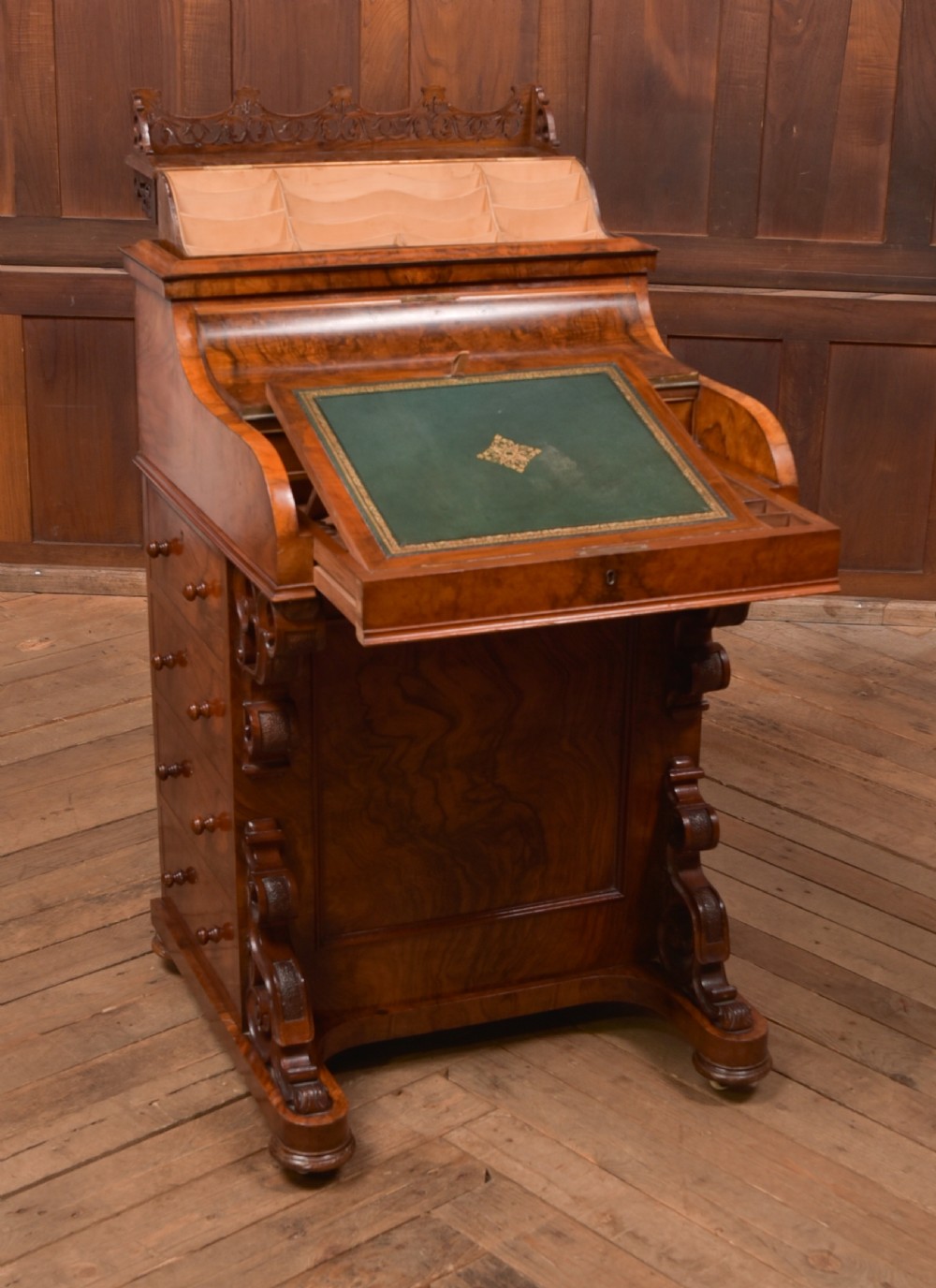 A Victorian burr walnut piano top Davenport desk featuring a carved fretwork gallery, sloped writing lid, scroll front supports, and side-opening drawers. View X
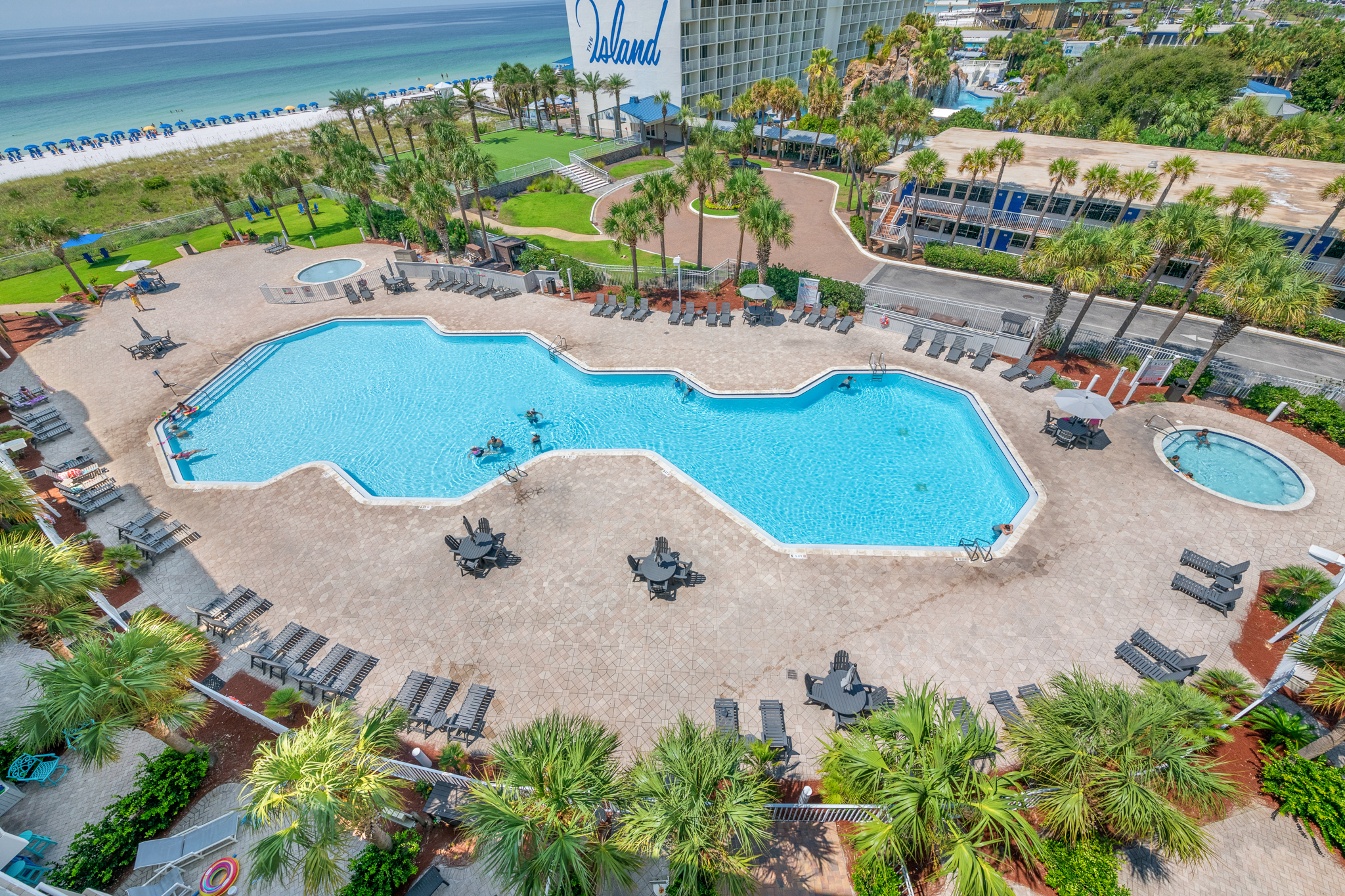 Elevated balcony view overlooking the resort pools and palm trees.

===

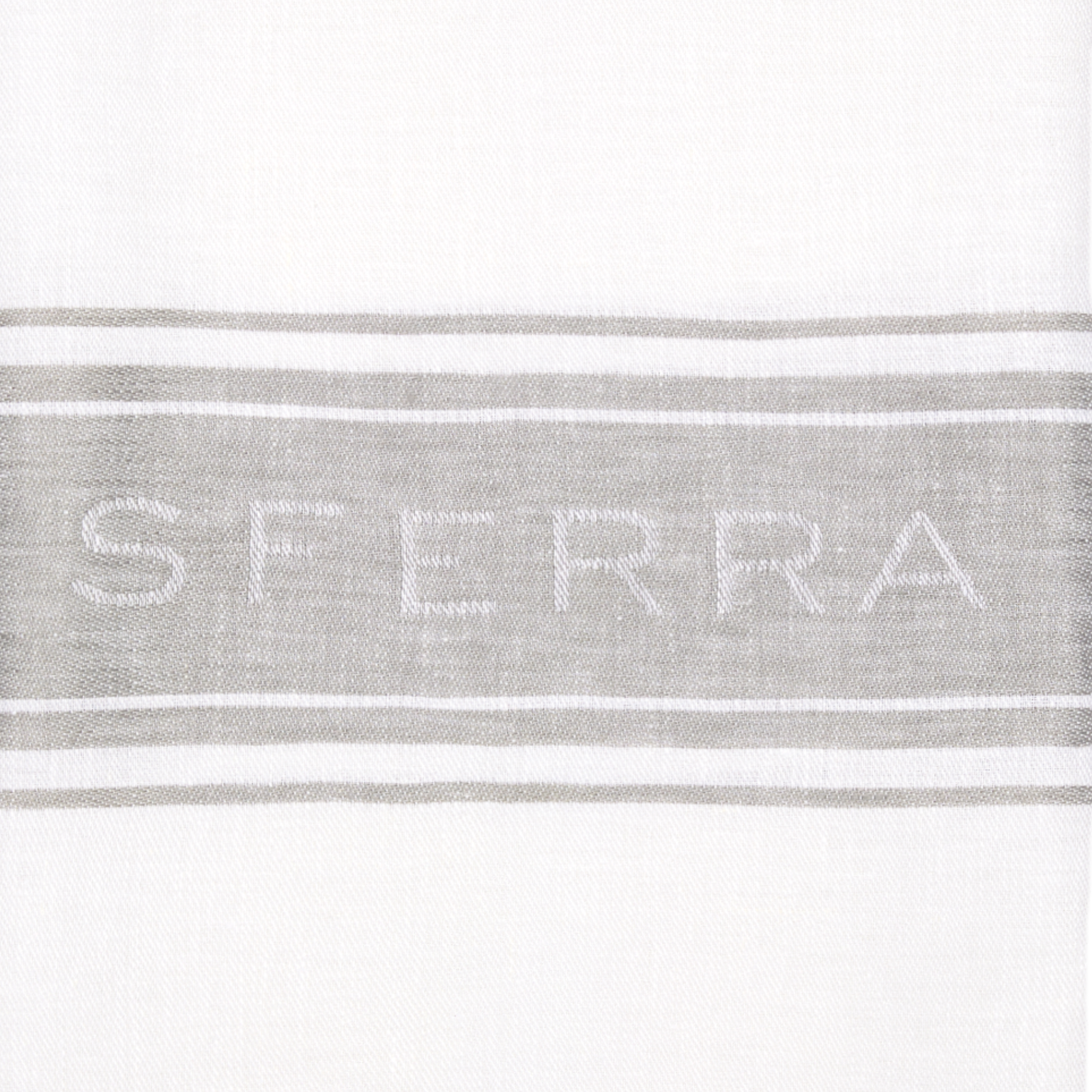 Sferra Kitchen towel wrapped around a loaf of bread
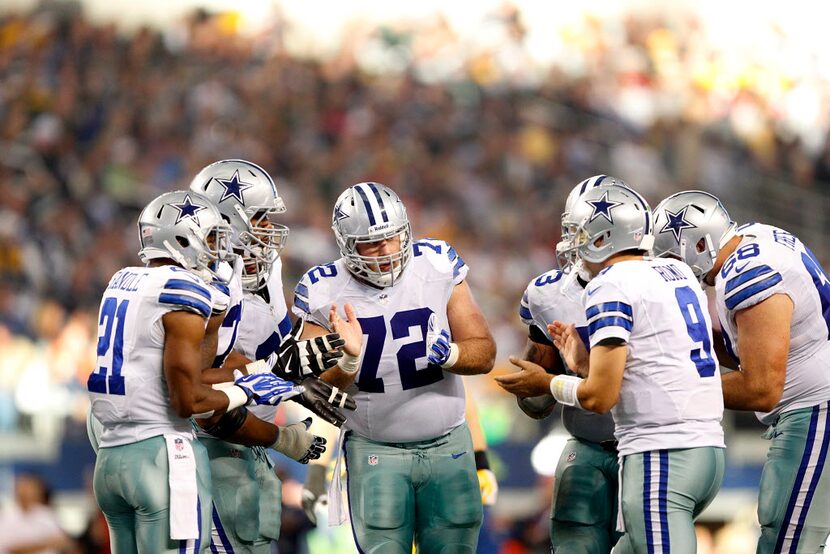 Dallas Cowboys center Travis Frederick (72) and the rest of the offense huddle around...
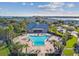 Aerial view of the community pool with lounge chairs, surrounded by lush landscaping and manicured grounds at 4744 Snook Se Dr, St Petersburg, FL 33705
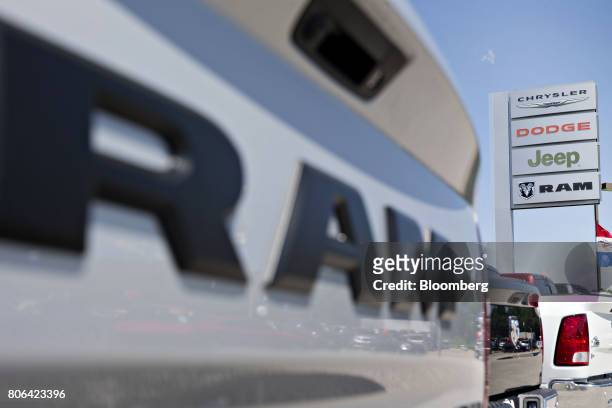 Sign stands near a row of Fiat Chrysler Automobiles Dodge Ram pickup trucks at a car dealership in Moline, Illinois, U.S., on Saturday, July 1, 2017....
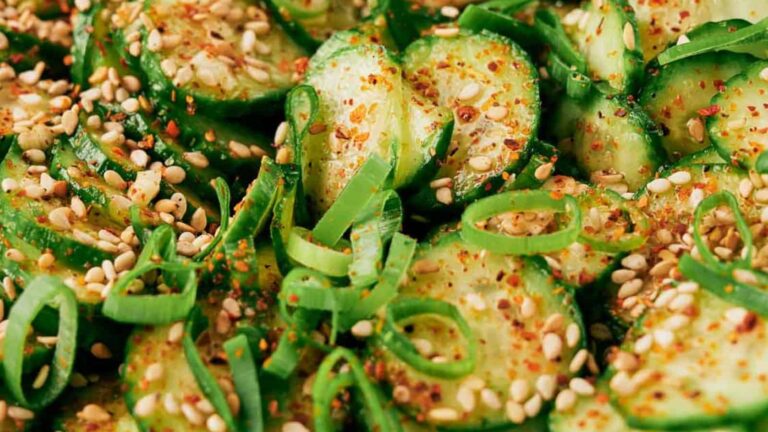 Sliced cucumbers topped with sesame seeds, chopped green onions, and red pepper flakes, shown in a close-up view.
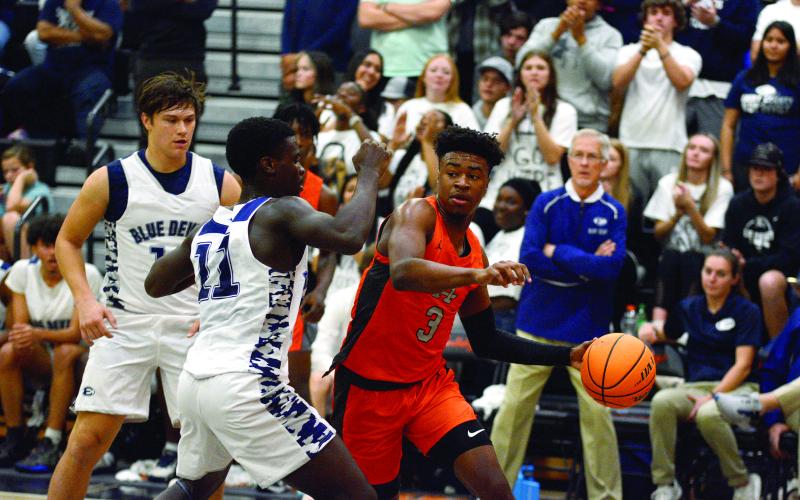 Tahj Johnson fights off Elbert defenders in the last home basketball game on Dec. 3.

===

| ASSIGNMENT |
Start with the line above containing "A Victorian burr" and end with the line containing "Elevated balcony view". Set down that stretch exactly, without any pictures.

| EXERCISE RESULT |
 A Victorian burr walnut piano top Davenport desk featuring a carved fretwork gallery, sloped writing lid, scroll front supports, and side-opening drawers. View X
 Elevated balcony view overlooking the resort pools and palm trees.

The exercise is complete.